• EXERCISE DIRECTIONS
Retype the lines from the first one in the records down to the line containing "SEAT Ateca 1.5", counting both, and leave out any pictures.

(Dataset records)
<<<<

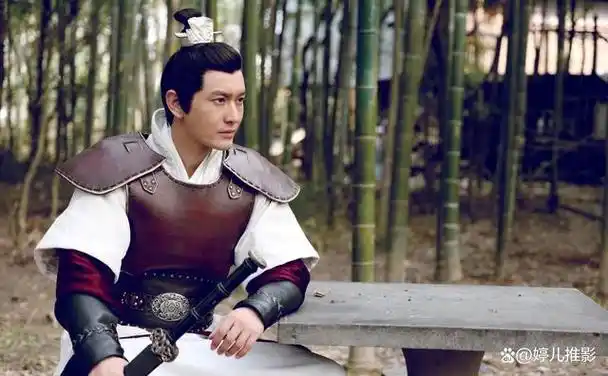 庆余年2》无缘前三,榜首实至名归|刘涛|罗晋|雷佳音|琅琊榜_网易订阅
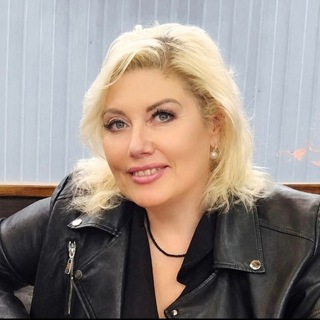 Telegram profile photo for СИЯЙ ПО-РУССКИ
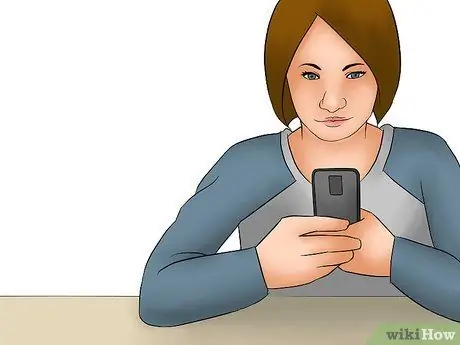 Заказать пиццу Шаг 2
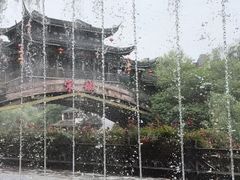 -杭州宋城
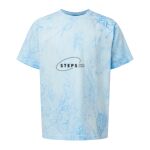 Comfort Colors Color Blast Youth Heavyweight T-Shirt Thumbnail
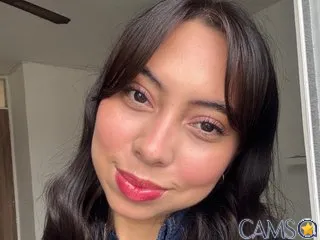 haana_stark’s Streamate Profile Image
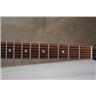 1964 Epiphone Olympic Double Cutaway Solidbody Electric Guitar #59144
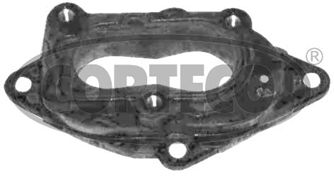 Flange, carburettor CORTECO 21652129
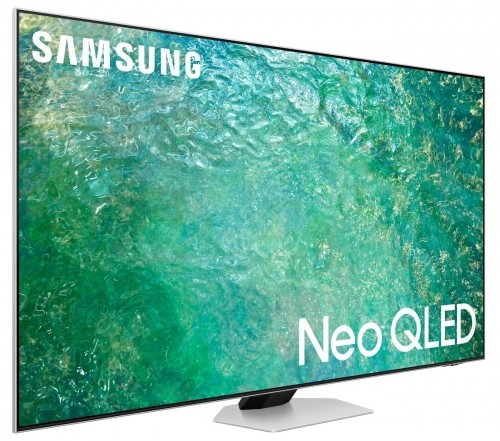 Samsung QE75QN85CATXXH 4K Neo QLED image 3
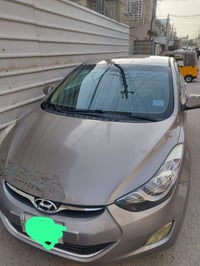 من رخصة مدير الكروب النترا ١٣امريكي بيه جاملغ امامي بيها طخات  كير محر...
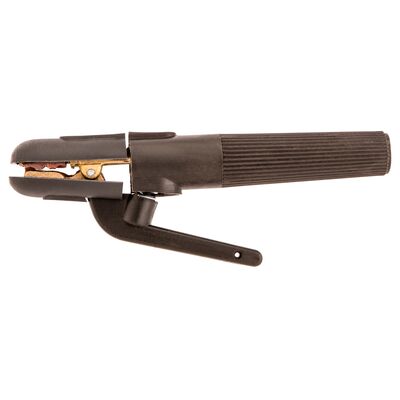 GRAPHITE Uchwyt spawalniczy 160 A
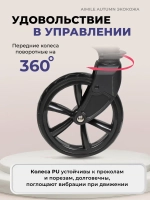 Коляски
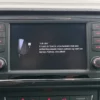 SEAT Ateca 1.5 TSI FR Aut. Business Intense Nav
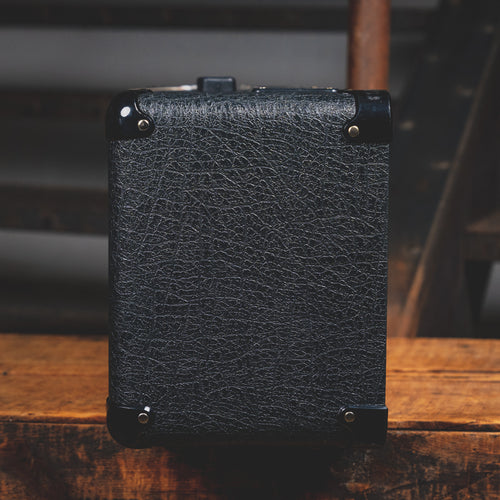 Marshall JVM205H 50W Tube Head Amplifier - Used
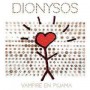 DIONYSOS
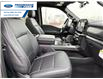 2026 Ford F-150 Lariat (Stk: TFA43738) in Wallaceburg - Image 25 of 26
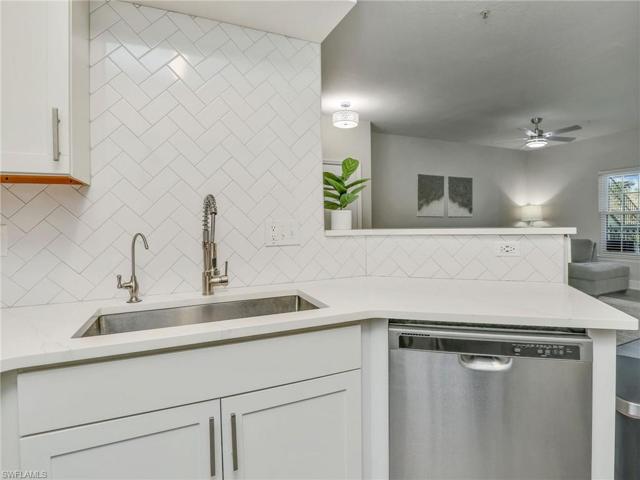 23640  Walden Center  DR, Estero, FL 34134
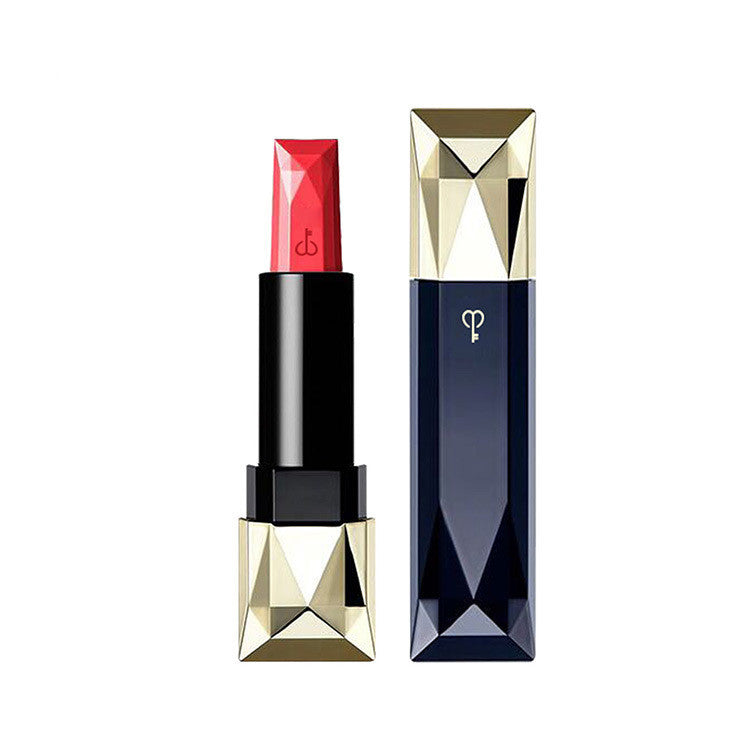 matte lipstick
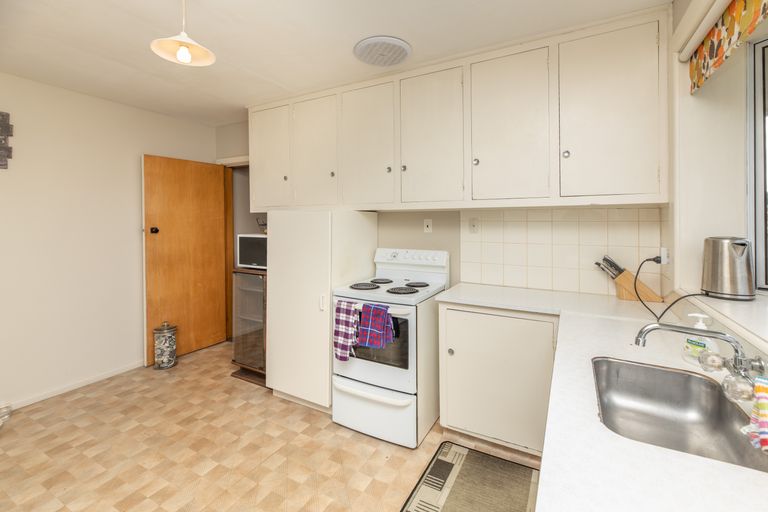 Photo of property in 151 Rolleston Street, Rakaia, 7710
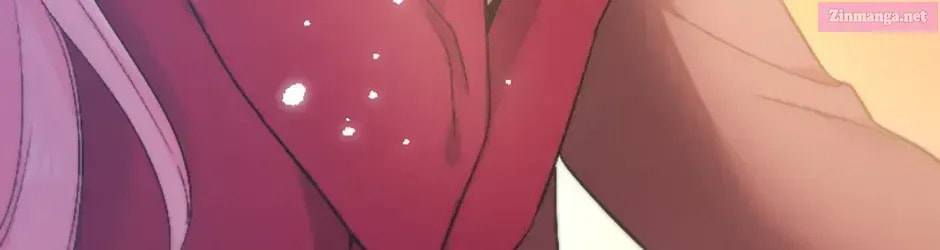 Read Teppeki no Otome chapter 20.1 image 63 on Lezhin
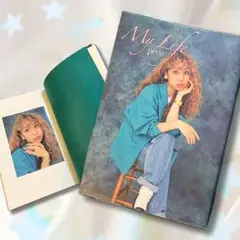 MyLife peco ペコ　本　書籍　Book ブック　雑誌　小説　エッセイ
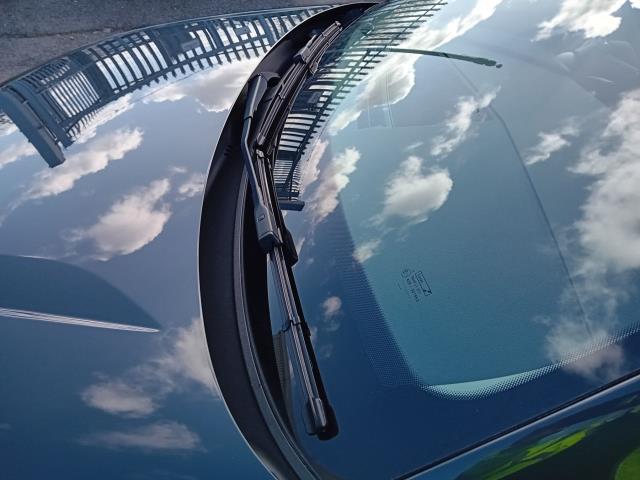 2023 Audi A1 25 Tfsi Technik 5Dr (YH73SRU) Image 46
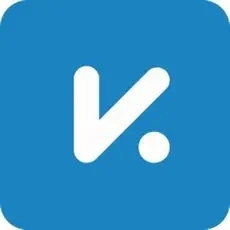 快云游云 官方正版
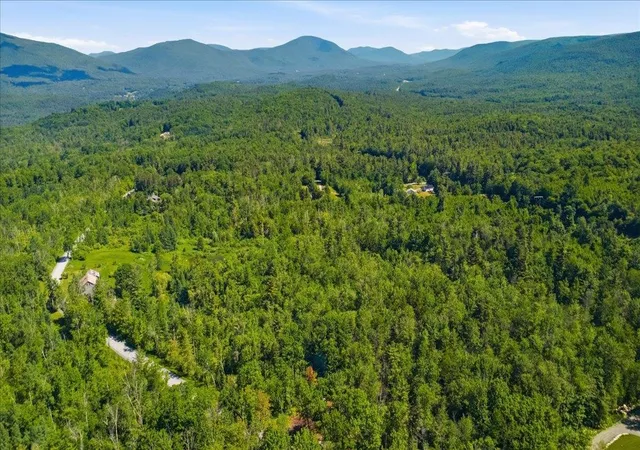 Homes for sale in Shaftsbury, VT | 0 East Rd, Shaftsbury, VT 05262 | MLS# 5094032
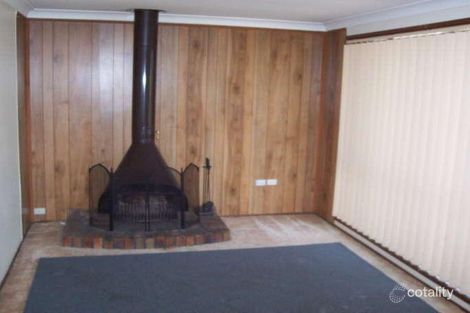 Property photo of 82 Watanobbi Road Watanobbi NSW 2259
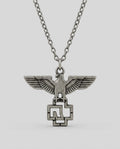 Rammstein Necklace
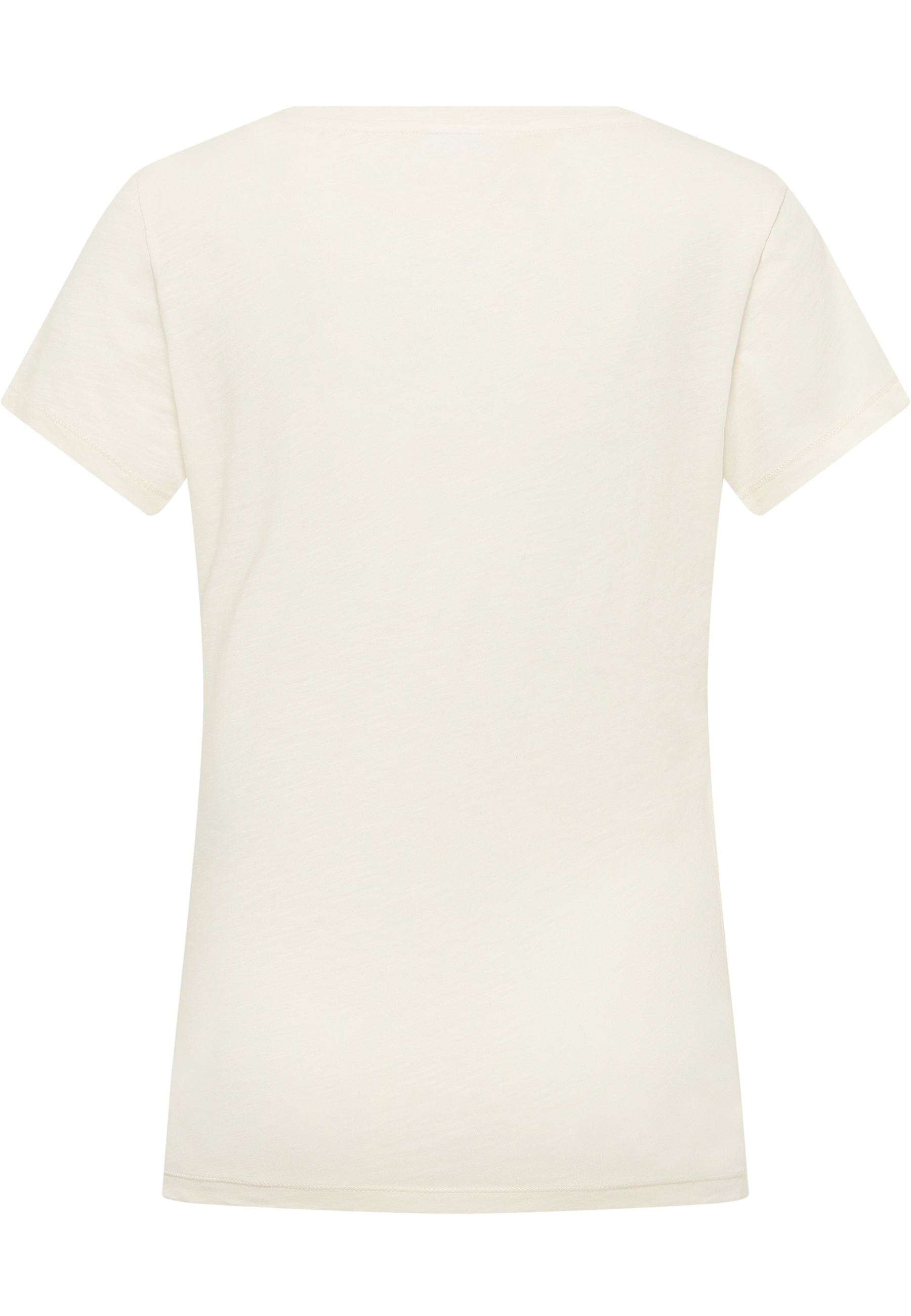 Bekleidung, T-shirt, Hemd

>>>>

• RESULT
 庆余年2》无缘前三,榜首实至名归|刘涛|罗晋|雷佳音|琅琊榜_网易订阅
 Telegram profile photo for СИЯЙ ПО-РУССКИ
 Заказать пиццу Шаг 2
 -杭州宋城
 Comfort Colors Color Blast Youth Heavyweight T-Shirt Thumbnail
 haana_stark’s Streamate Profile Image
 1964 Epiphone Olympic Double Cutaway Solidbody Electric Guitar #59144
 Flange, carburettor CORTECO 21652129
 Samsung QE75QN85CATXXH 4K Neo QLED image 3
 من رخصة مدير الكروب النترا ١٣امريكي بيه جاملغ امامي بيها طخات  كير محر...
 GRAPHITE Uchwyt spawalniczy 160 A
 Коляски
 SEAT Ateca 1.5 TSI FR Aut. Business Intense Nav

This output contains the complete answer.